Eagle Forum Legislative Alerts

Tuesday, February 19, 2013

Why Democrats need fringe voters

Steve Sailer notes:
The message you’ve heard ever since the election is that the Republicans lost because of the amnesty issue and therefore they must agree to amnesty and a path to citizenship. ...
He analyzes the 2012 election exit polls in all 50 states, and convincingly argues that amnesty would not have helped the Republican vote. This week's Phyllis Schlafly column also makes a similar argument. Sailer goes on the explain the demographic factors that decided the election, and concludes:
The Obama base is, to be blunt, the fringes. The epitome of Romney’s base is the married white father, while the essence of Obama’s base is the single black mother.

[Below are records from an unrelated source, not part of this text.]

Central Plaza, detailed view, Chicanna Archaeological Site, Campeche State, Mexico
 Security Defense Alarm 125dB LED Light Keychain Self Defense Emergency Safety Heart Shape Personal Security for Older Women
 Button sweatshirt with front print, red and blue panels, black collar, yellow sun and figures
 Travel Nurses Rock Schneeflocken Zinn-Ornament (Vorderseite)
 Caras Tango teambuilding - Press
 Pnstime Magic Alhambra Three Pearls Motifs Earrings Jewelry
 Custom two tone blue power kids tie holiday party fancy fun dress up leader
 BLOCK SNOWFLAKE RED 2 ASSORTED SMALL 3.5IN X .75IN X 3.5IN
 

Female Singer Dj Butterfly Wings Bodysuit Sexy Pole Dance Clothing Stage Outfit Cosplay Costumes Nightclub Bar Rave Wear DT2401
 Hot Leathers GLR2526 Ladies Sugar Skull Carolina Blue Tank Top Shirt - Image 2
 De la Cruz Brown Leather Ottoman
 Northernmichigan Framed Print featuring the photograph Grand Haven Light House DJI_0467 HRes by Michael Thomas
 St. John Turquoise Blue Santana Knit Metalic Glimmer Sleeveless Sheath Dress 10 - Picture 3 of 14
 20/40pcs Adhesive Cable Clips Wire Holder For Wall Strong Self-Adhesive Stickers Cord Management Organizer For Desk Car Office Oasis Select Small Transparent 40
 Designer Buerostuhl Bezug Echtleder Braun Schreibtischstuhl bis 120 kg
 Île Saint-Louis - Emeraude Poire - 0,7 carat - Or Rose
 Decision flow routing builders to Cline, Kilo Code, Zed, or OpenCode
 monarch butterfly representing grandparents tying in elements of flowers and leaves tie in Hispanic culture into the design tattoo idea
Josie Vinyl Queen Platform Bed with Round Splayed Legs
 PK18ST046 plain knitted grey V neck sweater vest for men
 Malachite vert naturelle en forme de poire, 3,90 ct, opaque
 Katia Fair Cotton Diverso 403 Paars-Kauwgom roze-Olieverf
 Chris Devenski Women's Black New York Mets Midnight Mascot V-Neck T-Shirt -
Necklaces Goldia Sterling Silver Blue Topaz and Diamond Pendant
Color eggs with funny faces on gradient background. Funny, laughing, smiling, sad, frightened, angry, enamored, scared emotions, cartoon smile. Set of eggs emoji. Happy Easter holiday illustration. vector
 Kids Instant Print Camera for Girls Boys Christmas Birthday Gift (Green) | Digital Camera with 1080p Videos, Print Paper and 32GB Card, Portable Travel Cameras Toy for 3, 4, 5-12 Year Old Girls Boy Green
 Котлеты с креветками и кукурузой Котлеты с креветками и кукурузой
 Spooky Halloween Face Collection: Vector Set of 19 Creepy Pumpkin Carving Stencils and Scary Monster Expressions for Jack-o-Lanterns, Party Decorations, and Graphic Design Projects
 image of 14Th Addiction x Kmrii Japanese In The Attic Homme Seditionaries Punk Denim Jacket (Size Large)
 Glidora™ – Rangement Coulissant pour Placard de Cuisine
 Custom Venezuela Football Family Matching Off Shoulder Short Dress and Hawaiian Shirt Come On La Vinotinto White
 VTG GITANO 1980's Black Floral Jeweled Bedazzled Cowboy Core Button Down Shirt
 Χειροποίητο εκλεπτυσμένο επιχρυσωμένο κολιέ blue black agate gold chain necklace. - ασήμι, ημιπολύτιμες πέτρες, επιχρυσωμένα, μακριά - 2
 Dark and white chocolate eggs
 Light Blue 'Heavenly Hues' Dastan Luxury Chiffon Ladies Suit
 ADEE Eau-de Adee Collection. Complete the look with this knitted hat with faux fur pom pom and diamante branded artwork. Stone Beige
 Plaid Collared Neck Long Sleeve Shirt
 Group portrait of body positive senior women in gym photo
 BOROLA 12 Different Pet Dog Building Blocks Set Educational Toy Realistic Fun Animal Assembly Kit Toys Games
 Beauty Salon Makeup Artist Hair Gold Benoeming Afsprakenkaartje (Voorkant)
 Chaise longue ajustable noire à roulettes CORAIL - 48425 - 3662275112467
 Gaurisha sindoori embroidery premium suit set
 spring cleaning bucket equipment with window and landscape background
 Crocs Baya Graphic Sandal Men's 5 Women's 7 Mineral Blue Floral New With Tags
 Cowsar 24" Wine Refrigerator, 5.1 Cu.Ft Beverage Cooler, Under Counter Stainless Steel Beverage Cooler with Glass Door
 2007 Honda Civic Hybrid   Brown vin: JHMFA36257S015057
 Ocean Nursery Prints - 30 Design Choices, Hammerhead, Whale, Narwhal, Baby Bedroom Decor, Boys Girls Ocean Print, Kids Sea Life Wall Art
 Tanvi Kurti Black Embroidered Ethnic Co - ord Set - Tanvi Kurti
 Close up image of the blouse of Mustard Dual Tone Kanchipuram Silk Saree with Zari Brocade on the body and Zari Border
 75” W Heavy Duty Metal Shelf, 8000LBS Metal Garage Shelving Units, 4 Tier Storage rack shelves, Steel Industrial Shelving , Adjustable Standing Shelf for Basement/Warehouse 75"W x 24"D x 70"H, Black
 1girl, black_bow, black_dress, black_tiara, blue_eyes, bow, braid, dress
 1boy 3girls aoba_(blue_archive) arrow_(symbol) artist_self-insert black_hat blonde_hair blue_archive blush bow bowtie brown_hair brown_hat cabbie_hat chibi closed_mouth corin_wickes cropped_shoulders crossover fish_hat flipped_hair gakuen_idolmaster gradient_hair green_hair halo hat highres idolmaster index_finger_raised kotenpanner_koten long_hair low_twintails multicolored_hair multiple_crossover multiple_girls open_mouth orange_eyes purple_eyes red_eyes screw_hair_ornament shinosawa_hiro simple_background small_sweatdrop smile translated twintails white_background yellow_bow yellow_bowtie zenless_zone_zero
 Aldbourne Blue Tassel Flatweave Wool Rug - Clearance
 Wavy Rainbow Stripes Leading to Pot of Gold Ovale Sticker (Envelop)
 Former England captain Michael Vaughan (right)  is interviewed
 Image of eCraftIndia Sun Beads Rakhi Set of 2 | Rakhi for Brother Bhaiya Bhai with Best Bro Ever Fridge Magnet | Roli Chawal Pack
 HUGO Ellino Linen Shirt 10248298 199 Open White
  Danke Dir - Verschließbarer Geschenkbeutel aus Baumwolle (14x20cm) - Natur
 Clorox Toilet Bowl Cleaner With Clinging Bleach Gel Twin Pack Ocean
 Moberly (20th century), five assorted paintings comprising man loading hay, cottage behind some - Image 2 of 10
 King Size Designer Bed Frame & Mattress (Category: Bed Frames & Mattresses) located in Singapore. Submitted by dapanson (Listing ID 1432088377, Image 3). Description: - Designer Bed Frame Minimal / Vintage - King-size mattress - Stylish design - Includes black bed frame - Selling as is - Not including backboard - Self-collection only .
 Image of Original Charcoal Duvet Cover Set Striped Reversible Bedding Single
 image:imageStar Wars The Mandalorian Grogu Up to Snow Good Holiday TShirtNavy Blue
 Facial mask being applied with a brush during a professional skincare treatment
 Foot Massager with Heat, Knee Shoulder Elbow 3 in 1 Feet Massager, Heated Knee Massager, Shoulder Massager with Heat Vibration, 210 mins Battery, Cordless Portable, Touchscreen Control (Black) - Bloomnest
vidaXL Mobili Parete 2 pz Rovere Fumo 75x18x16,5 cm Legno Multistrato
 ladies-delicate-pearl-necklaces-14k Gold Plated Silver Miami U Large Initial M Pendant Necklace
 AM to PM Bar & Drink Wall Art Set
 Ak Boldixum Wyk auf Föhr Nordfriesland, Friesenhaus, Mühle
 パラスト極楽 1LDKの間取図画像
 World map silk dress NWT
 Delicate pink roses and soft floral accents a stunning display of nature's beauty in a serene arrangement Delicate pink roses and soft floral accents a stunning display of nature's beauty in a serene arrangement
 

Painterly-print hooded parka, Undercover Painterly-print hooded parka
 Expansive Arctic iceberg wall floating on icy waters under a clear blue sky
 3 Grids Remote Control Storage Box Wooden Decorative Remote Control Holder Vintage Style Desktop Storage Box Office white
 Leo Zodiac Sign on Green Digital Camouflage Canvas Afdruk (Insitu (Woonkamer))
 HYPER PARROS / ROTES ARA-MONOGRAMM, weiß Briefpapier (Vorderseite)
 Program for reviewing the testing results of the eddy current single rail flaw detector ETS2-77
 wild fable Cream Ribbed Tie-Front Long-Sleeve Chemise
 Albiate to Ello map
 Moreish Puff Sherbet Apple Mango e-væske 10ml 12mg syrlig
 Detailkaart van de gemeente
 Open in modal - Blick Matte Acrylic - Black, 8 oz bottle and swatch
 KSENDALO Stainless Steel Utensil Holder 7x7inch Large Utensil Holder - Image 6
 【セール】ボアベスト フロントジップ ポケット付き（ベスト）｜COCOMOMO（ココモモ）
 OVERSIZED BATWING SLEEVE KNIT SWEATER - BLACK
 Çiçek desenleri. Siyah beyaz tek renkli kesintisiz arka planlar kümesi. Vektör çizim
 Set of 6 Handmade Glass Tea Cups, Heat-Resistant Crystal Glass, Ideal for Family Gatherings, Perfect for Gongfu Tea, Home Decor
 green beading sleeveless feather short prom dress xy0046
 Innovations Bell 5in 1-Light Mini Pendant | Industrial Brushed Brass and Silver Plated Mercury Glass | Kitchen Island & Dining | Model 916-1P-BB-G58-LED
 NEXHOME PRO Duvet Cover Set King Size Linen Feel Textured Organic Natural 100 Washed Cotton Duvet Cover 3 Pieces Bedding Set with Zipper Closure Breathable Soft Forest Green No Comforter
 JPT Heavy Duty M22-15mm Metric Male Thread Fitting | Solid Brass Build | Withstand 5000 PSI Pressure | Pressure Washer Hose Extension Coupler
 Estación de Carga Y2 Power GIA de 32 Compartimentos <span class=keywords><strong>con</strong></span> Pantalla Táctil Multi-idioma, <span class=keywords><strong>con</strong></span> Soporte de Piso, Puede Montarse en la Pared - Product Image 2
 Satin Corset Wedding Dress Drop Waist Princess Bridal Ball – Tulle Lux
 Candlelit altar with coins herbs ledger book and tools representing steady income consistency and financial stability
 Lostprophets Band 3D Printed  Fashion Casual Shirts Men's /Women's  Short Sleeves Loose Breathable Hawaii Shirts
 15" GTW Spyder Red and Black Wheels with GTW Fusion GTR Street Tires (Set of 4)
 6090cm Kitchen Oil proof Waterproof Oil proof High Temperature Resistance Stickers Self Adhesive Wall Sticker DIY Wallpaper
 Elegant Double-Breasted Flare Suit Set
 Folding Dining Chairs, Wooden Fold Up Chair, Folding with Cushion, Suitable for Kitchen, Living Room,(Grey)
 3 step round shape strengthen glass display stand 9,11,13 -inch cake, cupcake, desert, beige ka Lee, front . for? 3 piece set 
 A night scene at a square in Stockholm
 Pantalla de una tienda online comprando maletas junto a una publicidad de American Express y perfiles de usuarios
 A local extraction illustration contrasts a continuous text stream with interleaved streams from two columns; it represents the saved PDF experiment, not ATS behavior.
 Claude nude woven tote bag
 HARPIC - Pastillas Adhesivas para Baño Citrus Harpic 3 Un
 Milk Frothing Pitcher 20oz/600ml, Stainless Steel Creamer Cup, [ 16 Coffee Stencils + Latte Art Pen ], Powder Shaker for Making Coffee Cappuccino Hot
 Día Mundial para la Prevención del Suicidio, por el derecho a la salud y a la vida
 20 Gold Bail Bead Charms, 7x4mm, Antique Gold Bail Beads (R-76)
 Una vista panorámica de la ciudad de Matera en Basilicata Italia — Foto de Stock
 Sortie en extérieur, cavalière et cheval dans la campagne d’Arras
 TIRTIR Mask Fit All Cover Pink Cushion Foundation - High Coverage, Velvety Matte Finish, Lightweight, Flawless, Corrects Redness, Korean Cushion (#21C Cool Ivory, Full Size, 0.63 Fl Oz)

Obama’s base hadn’t bothered to show up to vote in 2010, so how was he going to motivate them in 2012?

The former are a lot more likely to vote out of a sense of civic duty, while the latter need some emotional motivation. ...

Obviously, this turned into an election based on identity, on whether people felt themselves in the core of America or in the fringe of America.

The core versus fringe can be defined in a couple of ways. For example, do you come from people who settled this country a long time ago? Or are you, say, an immigrant from Somalia who is now going to gift us with all the lessons that Somalis have developed over the eons on how to run a successful country?

Or, on a personal level, are you somebody who is married, has stayed married, has children, owns a home, and is employed? Or are you somebody who’s single, renting, who basically doesn’t find your life satisfactory and is looking for somebody to blame?

The way the Obama campaign turned out their base was to whip up feelings of resentment toward core Americans—toward those people whose ancestors had built the country, who largely keep it running today and who in their personal lives have done a pretty good job of keeping their act together.

Obama did a spectacular job of taking people from the fringe and telling them that they should resent the white married people of America, the ones who own their homes, the ones whose great-great-grandparents helped make this country, and that there’s something shameful, unfair, or at least uncool, about coming from the core of America.

It was a brilliant strategy. Obama ran a really ugly, nasty campaign full of subliminal hatred. The Democrats did a good job keeping the stew of ill-will they were brewing under wraps until after the votes were counted. But in the days following the election, out came pouring the chest-beating Suck-It-White-Boy exultation, the mindless fury at the losing white male bogeyman for being old and white, but, mostly, for losing.
Sailer is right. As noted below, expanding certain demographic groups is critical to the success of the Democrat party. Republicans are more likely to get the voter who is married, has stayed married, has children, owns a home, is employed, and has a future time orientation. So the Democrats gain by making those people a declining share of the population.